Paule Cournet le Mercredi 17 Janvier 2024 à 15:53

Aux premiers jours d’une année 2024 à maints égards décisive pour le futur de la Corse, le Président du Conseil exécutif, Gilles Simeoni, s’est livré à un long entretien à Corse Net Infos : de l’autonomie à sa vision de la Corse et du peuple corse à leur avenir, il présente sa feuille de route et revient sur l’évolution politique et sociétale de l’île dans un monde en totale reconfiguration.
 



Gilles Simeoni
Gilles Simeoni
- Vous martelez que 2024 sera une année décisive pour la Corse avec l’aboutissement du processus de Beauvau et qu’il est capital « de ne pas rater le train de l’Histoire ». Etes-vous confiant pour l’avenir de ces discussions ?
- Nous avons un devoir de confiance et d’optimisme. Cependant l’optimisme, la confiance et la volonté n’empêchent pas la lucidité qui, elle, commande de mesurer la difficulté de la tâche. Une double difficulté objective, d’abord du point de vue de la situation globale, en France, en Europe, dans le monde. On vit un moment de l’Histoire de l’humanité extrêmement compliqué et anxiogène, avec le retour de la guerre en Europe, la barbarie au Proche-Orient, la famine, une démographie qui explose à l’échelle mondiale, le réchauffement climatique…Tout cela impacte aussi la Corse. Ensuite, la difficulté est celle de notre équation en Corse avec des réponses structurelles à apporter au plan politique mais également économique, social, culturel et sociétal. Et au plus haut niveau, cette perspective d’autonomie comme solution institutionnelle, et au-delà une solution politique et une dynamique collective à créer qui doit nous permettre de nous engager sur le chemin de l’espoir, du progrès et de l’émancipation. Ce chemin est étroit, mais il faut l’emprunter ensemble. Et ça, c’est la part de l’optimisme, de la confiance et de la volonté. 
 
- Vous parliez de « dynamique collective ». Le Président Macron a laissé six mois aux partis politiques insulaires pour trouver un consensus. Où en sont les discussions ?

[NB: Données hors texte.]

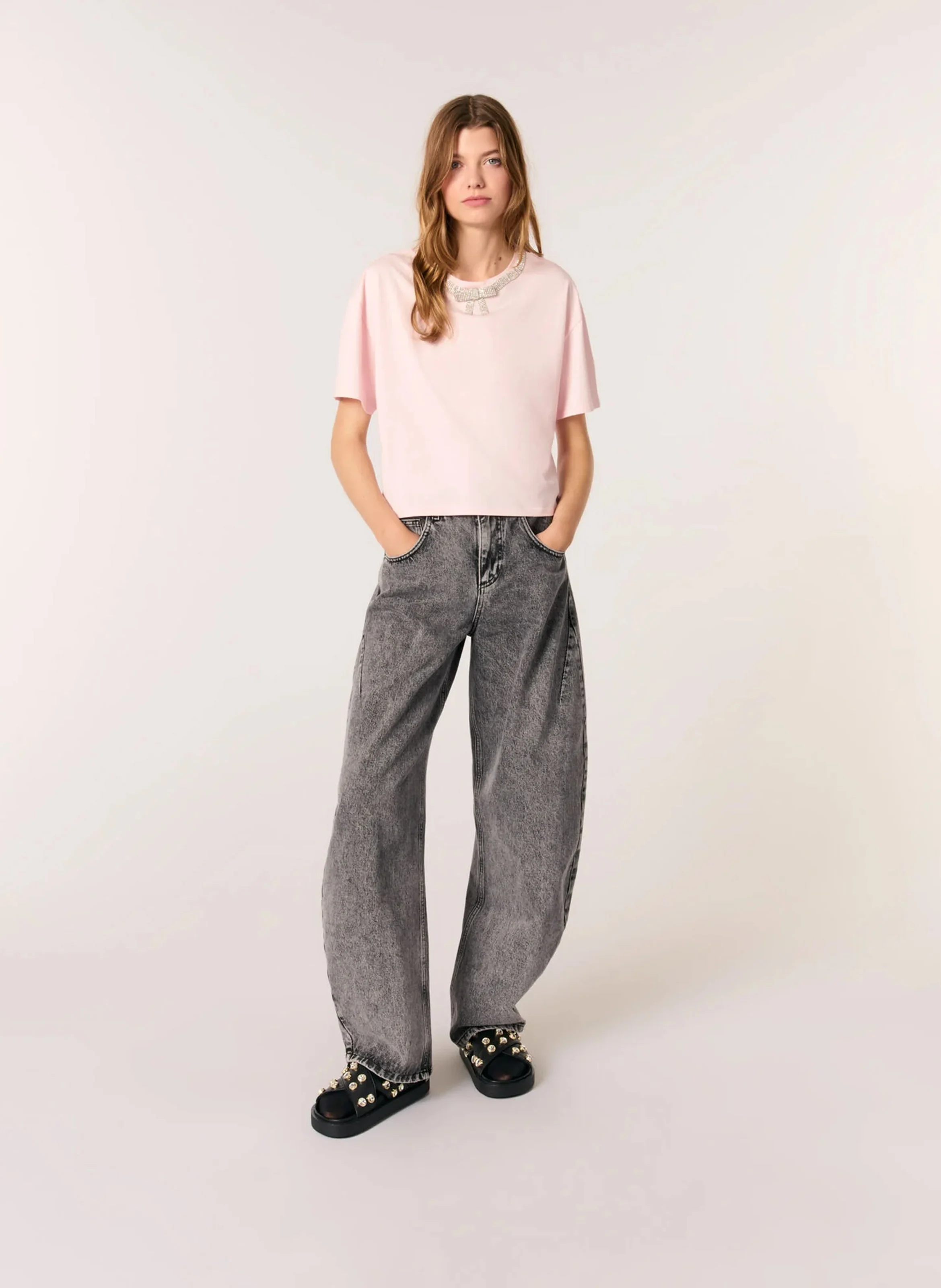 Tee-shirt court à détails strass en coton | Rose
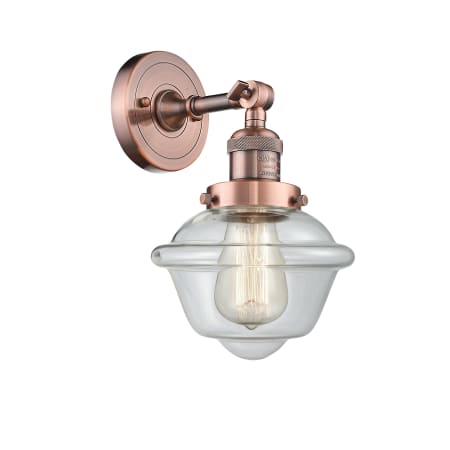 A large image of the Innovations Lighting 203 Small Oxford Antique Copper / Clear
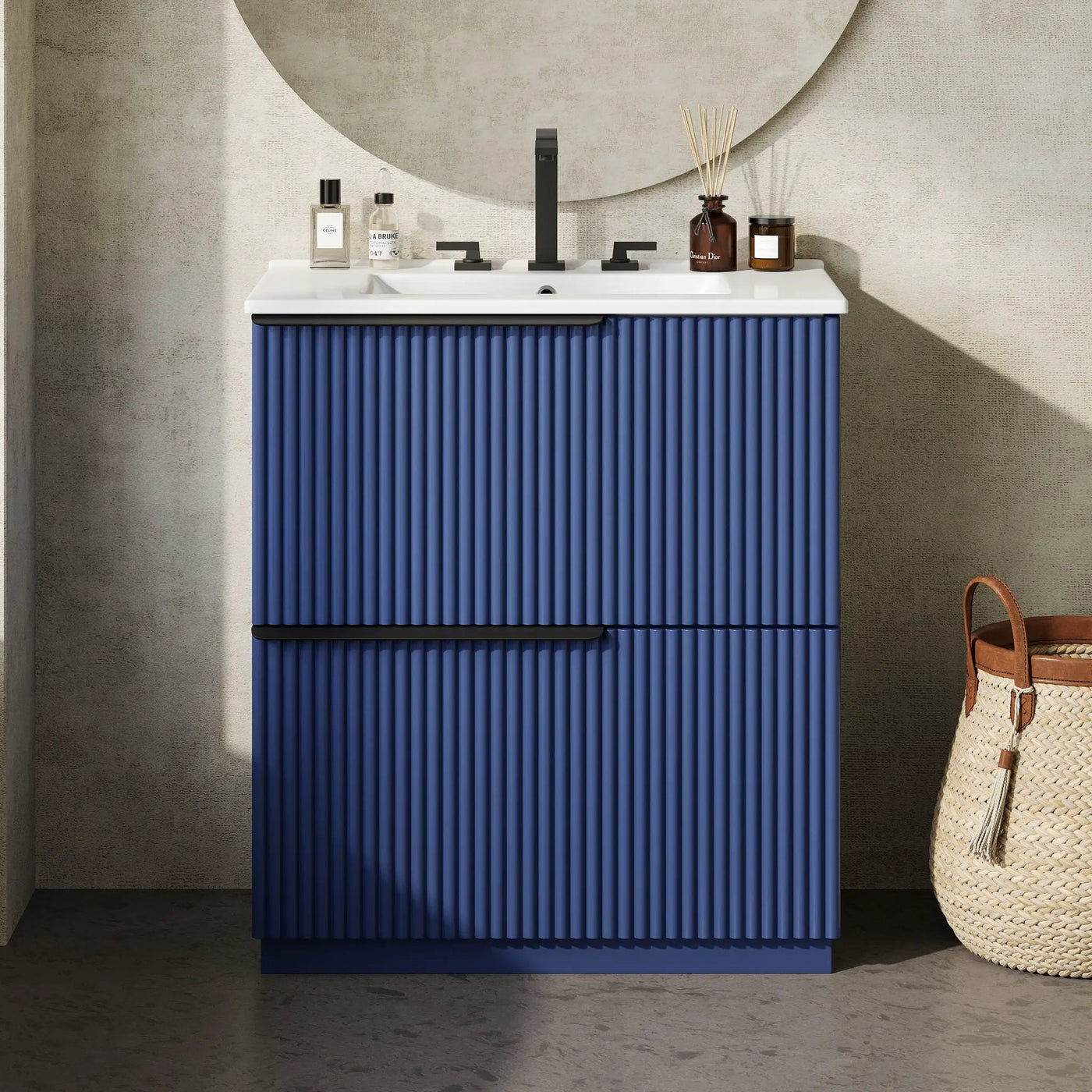 Fluted Bathroom Vanity With Ceramic Sink, Freestanding Cabinet by HouseOfZazla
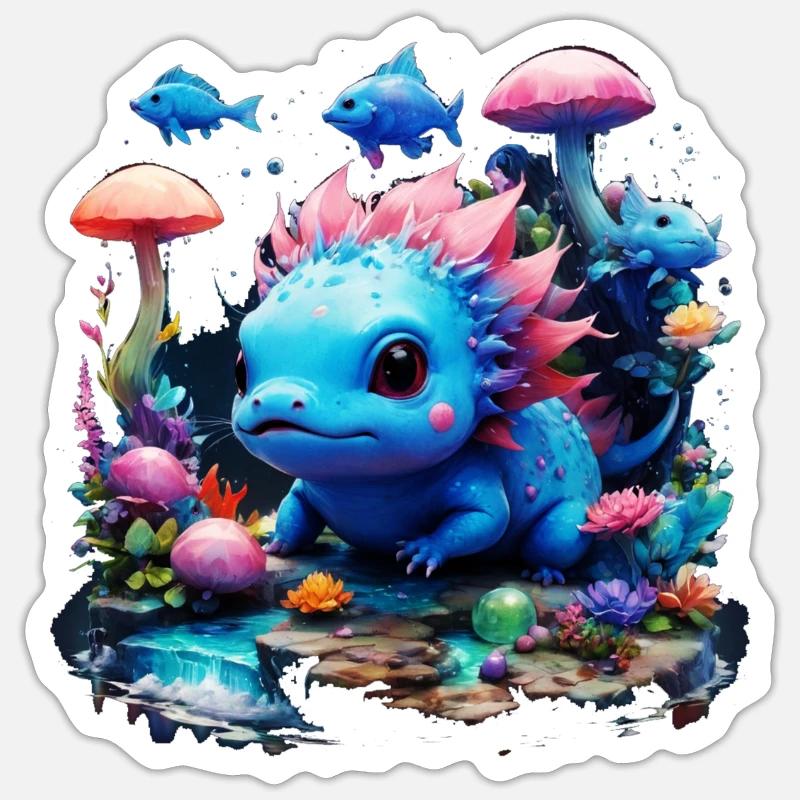 Axolotl - Sticker Größe S (10 x 10 cm) - Mattweiß
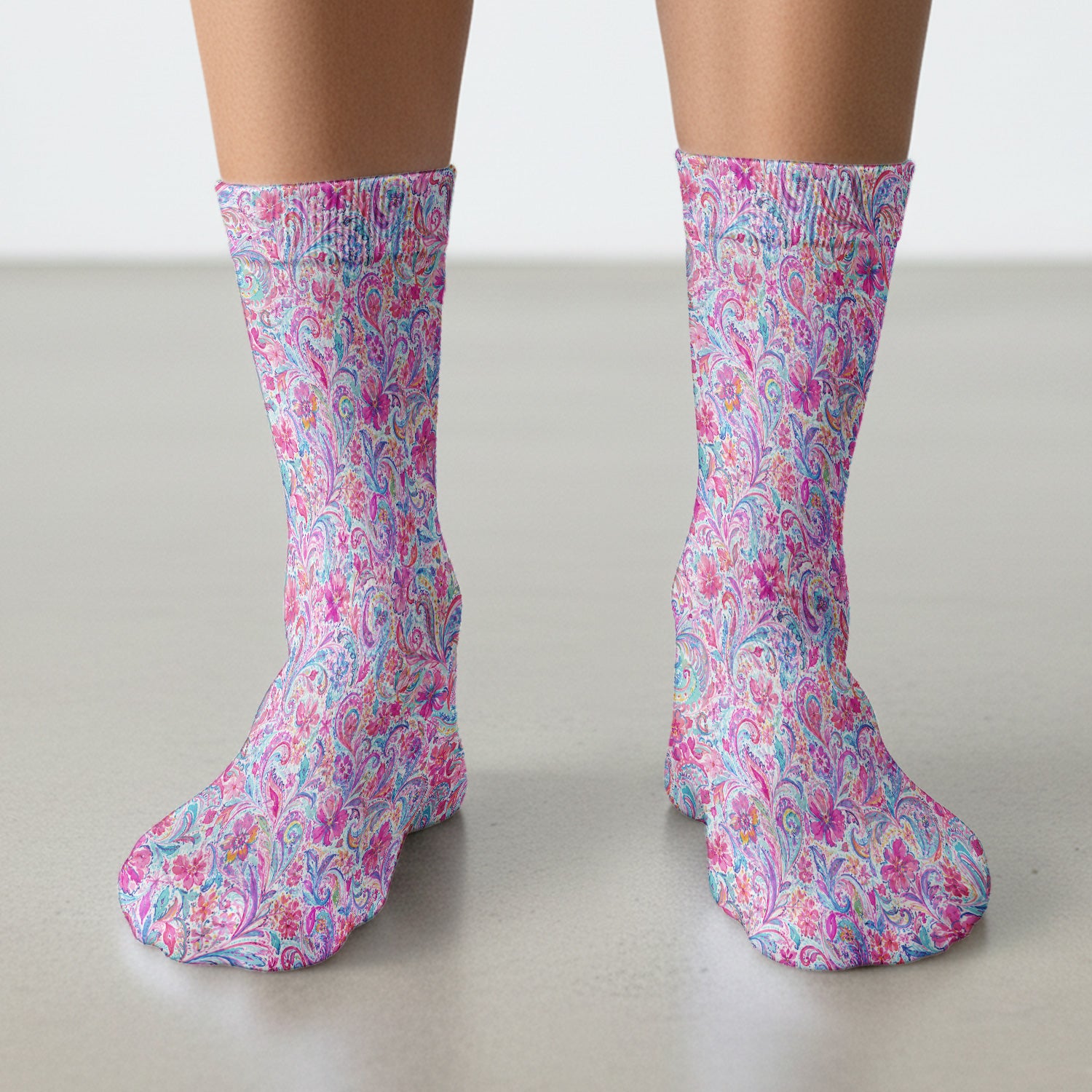 Elegant Pink Paisley Blossom Pattern Socks, Adult Socks for Men and Women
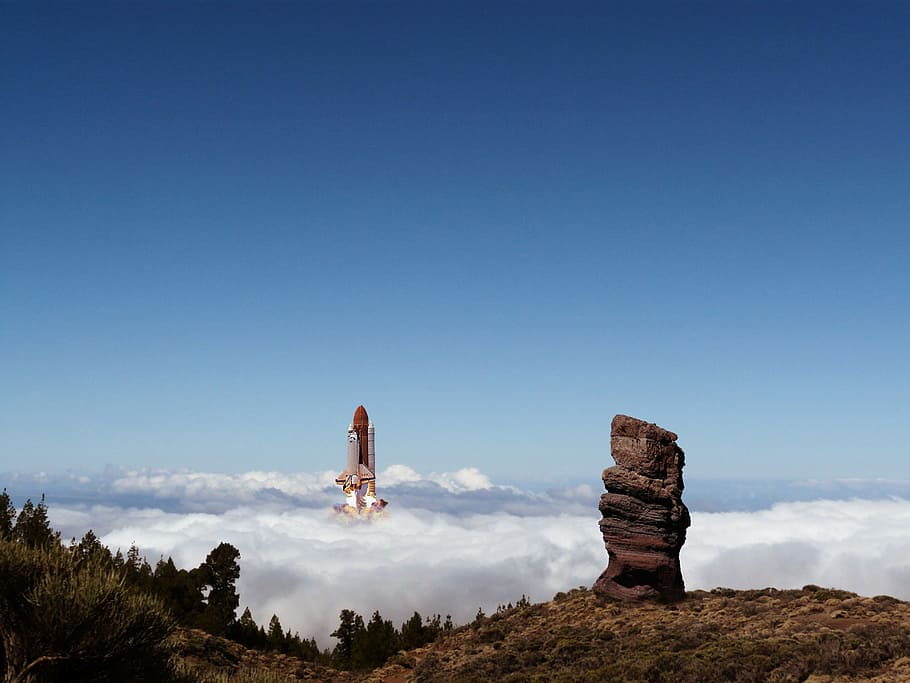 rocket, landscape, clouds, sky, one person, nature, full length HD wallpaper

- Les choses ont quand même avancé de façon très significative, y compris en faisant abstraction du tumulte de l’instant, et en prenant un petit peu de recul d’une année sur l’autre. L’année dernière, à la même époque, le processus était à l’arrêt. On ne savait pas si nous allions réussir à le réamorcer malgré notre volonté constante. Depuis, le processus est reparti, l’Assemblée de Corse, au terme d’un large débat, mené avec un esprit de responsabilité partagé, a voté la délibération du 5 juillet 2023… 
 
- Cette délibération est-elle toujours le socle sur lequel il convient de négocier ?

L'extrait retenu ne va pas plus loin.